1
votes

Best

At this moment I'm using Boto3 in python 2.7 and what I would like to have is: The column headers of my specific DynamoDB table.

At this moment,I'm dealing with a very large dynamoDB table, with 80 columns and + 1.00O.000 records. And the task which I've is, to manipulate these data. To do this, I'm making use of chunks. This means that I'm retrieving each time 1000 rows, from my data-table and manipulate them and write the new result to a csv. (This is required, by some reasons).

But because I'm using chunks, it can be that not every chunk contains 80 columns, this means that it sometimes can contain 79 or 78 columns. This happens when there are no values available for a specific column in a chunk.

And this isn't desirable because at the end of the day, all those csv's should been concatenated again to each other, and therefore, each csv should contain the equal amount of columns.

Thus my idea, which I've is : Add empty columns to the chunk-csv's who doesn't contain all the required columns.

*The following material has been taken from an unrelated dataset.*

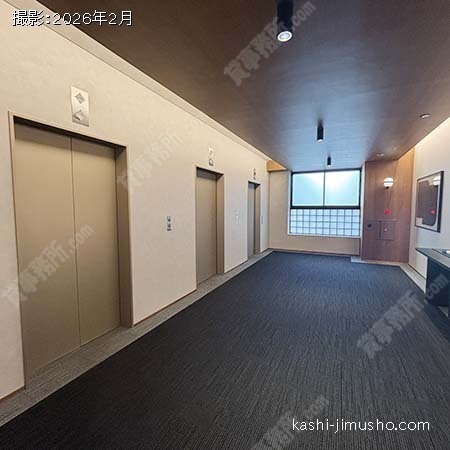 貸室階エレベーターホール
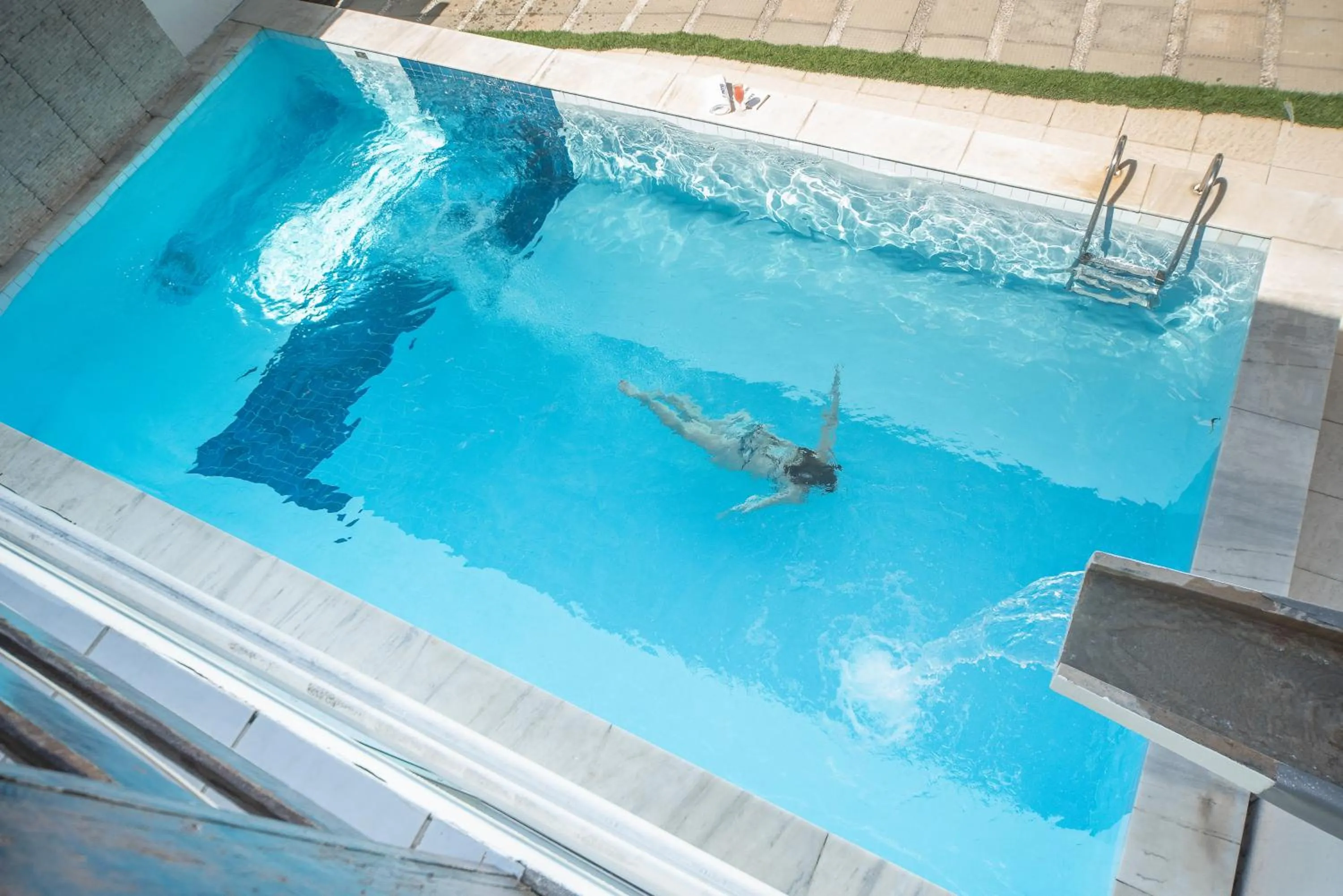 Swimming pool in Hotel Pousada Da Sereia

But therefore, I've to know, what the headers, attributes, field names are from my table (or the structure) + The thing is, those column headers are dynamic, there can't be a static list of headers And it can be, that suddenly new records are added with a unique column, (which means that the next time, I would receive 81 columns for each of my csv's) - Thus those header knowledge should come from my table / amazon aws

Kind regards

1
I think it is not possible to get the attribute names from all records and collate it without reading all the items from the table.notionquest

1 Answers

7
votes

You can get some of the info you are looking for by using the attribute_definitions attribute of a Table object, like this:

import boto3
ddb = boto3.resource('dynamodb')
table = ddb.Table('MyTable')
attrs = table.attribute_definitions

The variable attrs would now contain a dictionary of all of the attributes you explicitly defined when creating the table which normally is only the attributes that are used as keys in some index.

However, since DynamoDB is schema less you can store any combination of other attributes in an item in DynamoDB. So, as the comment above states, the only way to know all attributes used in all items is to iterate through all of the items and build a set of attributes found in each item.